* **Data section**:

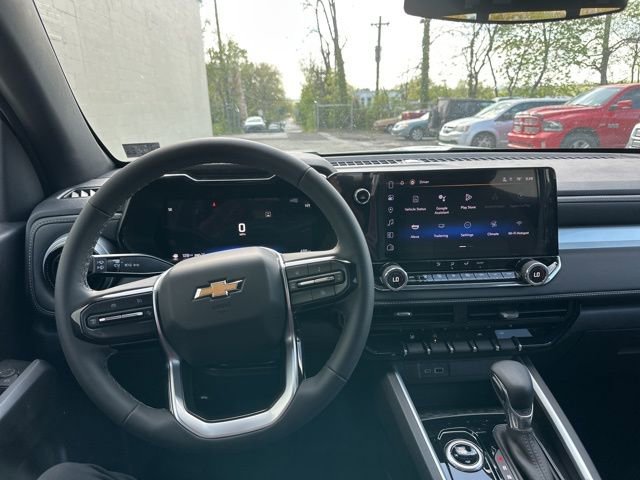 Used 2024 Chevrolet Colorado LT w/ LT Convenience Package image 19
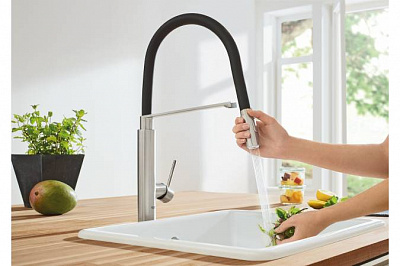 Смеситель для кухни Grohe CONCETTO 31491DC0 с профессиональной лейкой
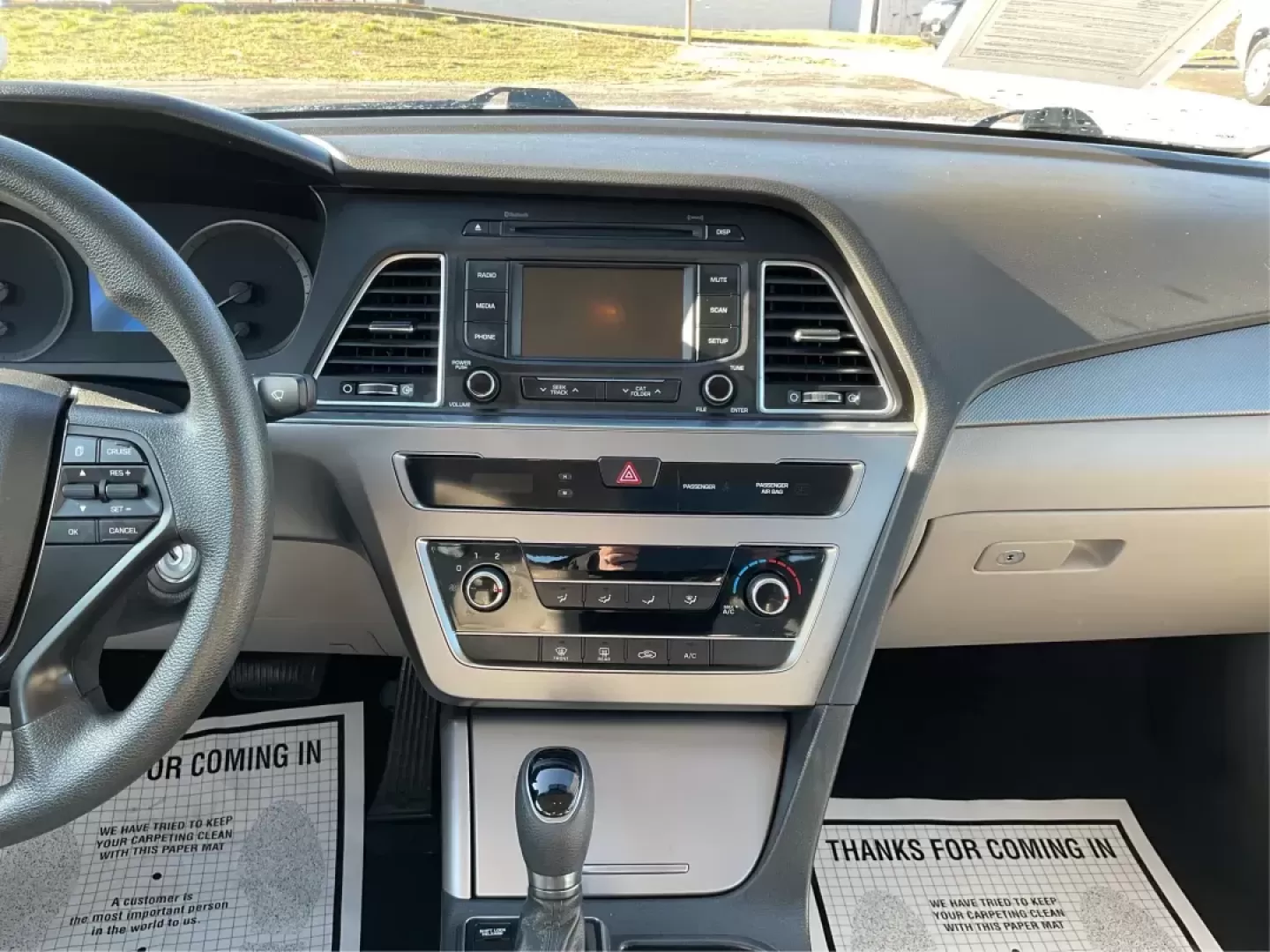 2015 Hyundai Sonata SE (5NPE24AF9FH) with an 2.4L I-4 gasoline direct injection engine, located at 1184 Kauffman Ave, Fairborn, OH, 45324, (937) 908-9800, 39.807072, -84.030914 - Photo#12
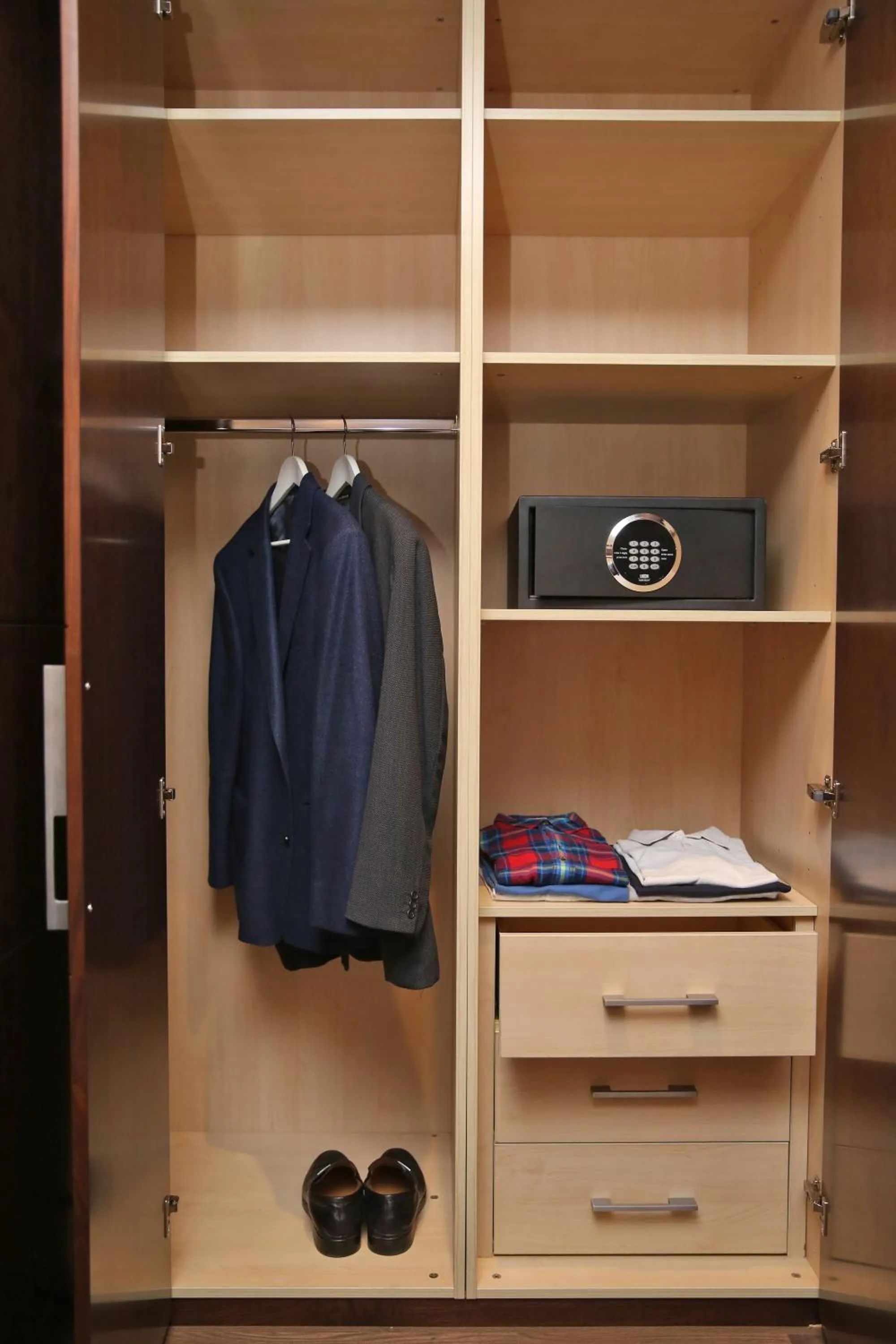 TV and multimedia in AlAshrafia Smart Residence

* **Your instructions**:
The line with "2015 Hyundai Sonata" marks the start, and the last line of the material marks the end. Reproduce exactly those two lines and every line between them, without the pictures.

* **Your solution**:
 2015 Hyundai Sonata SE (5NPE24AF9FH) with an 2.4L I-4 gasoline direct injection engine, located at 1184 Kauffman Ave, Fairborn, OH, 45324, (937) 908-9800, 39.807072, -84.030914 - Photo#12
 TV and multimedia in AlAshrafia Smart Residence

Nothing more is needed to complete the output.